*TASK OBJECTIVE*
The word "with" occurs in some lines of the data. Return each such line.
☆ ☆ ☆ ☆ ☆ ☆ ☆
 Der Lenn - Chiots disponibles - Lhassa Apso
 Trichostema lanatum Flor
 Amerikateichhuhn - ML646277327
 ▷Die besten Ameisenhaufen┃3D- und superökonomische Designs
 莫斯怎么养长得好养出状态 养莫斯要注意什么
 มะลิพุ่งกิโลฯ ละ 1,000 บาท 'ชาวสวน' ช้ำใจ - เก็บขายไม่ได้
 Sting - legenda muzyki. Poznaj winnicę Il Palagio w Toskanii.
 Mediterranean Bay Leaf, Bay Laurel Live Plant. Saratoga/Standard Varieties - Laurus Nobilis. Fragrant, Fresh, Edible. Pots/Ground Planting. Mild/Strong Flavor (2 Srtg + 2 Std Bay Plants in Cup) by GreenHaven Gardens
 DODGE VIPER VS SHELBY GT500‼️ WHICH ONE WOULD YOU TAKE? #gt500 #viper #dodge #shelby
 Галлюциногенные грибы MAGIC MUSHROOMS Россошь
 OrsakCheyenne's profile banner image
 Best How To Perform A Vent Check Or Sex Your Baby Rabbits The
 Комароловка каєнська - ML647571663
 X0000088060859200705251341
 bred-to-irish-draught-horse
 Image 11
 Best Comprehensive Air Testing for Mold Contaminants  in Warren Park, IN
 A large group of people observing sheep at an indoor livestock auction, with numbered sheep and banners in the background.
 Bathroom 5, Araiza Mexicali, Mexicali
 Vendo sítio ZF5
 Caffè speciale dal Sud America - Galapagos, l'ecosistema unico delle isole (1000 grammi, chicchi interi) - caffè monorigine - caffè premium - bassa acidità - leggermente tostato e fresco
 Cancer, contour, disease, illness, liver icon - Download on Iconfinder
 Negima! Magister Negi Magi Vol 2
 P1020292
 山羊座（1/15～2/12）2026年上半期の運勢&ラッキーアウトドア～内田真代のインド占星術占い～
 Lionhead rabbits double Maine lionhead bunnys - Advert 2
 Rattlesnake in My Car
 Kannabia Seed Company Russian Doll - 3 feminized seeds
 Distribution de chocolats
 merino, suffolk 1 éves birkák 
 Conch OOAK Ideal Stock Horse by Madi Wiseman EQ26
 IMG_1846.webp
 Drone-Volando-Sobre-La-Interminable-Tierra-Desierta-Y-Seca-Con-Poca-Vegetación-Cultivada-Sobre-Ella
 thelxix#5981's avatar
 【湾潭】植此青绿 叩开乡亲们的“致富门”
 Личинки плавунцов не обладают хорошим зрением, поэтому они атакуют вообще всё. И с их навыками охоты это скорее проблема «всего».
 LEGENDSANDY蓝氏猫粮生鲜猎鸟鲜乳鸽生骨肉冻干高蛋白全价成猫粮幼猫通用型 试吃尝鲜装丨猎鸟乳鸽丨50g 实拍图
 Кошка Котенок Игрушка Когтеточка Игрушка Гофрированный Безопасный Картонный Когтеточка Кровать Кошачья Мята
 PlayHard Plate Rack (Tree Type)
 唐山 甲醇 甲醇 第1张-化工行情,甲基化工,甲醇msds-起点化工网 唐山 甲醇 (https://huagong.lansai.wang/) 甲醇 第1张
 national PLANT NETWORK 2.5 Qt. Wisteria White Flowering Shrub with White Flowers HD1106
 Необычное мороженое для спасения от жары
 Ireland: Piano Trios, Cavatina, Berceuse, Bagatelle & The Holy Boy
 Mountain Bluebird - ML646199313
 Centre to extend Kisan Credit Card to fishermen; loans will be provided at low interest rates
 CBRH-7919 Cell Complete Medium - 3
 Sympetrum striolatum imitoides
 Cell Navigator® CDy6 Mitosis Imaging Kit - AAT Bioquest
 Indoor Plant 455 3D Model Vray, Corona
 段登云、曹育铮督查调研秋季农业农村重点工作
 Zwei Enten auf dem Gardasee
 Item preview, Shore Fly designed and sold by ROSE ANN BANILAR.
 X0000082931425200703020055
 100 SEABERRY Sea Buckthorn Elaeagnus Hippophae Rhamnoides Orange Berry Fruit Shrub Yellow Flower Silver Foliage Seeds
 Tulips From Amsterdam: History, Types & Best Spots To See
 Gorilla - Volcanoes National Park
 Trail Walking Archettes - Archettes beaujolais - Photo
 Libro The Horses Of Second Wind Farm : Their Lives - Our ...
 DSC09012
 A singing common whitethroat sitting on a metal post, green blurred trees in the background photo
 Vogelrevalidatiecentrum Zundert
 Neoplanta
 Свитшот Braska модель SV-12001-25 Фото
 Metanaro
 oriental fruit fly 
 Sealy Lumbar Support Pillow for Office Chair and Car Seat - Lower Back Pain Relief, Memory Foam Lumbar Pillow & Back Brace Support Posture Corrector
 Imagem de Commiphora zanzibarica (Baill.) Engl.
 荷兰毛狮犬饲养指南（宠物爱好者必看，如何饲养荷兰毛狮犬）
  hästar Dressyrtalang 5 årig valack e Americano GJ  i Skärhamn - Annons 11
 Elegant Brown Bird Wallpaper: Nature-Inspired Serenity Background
☆ ☆ ☆ ☆ ☆ ☆ ☆
*ANSWER FOR THIS EXERCISE*
 A large group of people observing sheep at an indoor livestock auction, with numbered sheep and banners in the background.
 national PLANT NETWORK 2.5 Qt. Wisteria White Flowering Shrub with White Flowers HD1106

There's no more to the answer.